_PROBLEM STATEMENT_. Locate, in the data below, the line that contains "Load image into" and the line that contains "Green Oversized Camo"; reproduce exactly those two lines and every line between them, nothing more.

_DATA TO EXAMINE_.

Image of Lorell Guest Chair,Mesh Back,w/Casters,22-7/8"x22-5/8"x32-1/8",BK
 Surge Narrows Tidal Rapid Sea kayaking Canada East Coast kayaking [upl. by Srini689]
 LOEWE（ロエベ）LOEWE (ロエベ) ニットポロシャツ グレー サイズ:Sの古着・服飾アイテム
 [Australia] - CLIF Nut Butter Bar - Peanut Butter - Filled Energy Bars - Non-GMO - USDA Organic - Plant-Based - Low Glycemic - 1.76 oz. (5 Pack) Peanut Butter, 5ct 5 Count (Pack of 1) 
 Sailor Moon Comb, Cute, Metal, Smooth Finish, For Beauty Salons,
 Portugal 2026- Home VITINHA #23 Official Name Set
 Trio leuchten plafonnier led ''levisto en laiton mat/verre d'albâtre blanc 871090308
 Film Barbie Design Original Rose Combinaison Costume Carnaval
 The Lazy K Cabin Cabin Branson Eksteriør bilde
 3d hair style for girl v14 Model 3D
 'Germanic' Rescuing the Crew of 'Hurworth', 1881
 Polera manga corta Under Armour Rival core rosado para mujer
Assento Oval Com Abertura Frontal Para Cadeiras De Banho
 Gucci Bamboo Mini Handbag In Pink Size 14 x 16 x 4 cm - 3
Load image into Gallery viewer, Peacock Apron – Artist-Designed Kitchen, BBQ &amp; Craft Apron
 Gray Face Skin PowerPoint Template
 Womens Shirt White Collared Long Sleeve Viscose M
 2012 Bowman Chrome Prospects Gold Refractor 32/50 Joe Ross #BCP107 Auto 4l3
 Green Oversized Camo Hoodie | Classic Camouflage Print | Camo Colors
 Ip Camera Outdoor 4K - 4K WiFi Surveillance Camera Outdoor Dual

_RESULT OF THE EXERCISE_.
Load image into Gallery viewer, Peacock Apron – Artist-Designed Kitchen, BBQ &amp; Craft Apron
 Gray Face Skin PowerPoint Template
 Womens Shirt White Collared Long Sleeve Viscose M
 2012 Bowman Chrome Prospects Gold Refractor 32/50 Joe Ross #BCP107 Auto 4l3
 Green Oversized Camo Hoodie | Classic Camouflage Print | Camo Colors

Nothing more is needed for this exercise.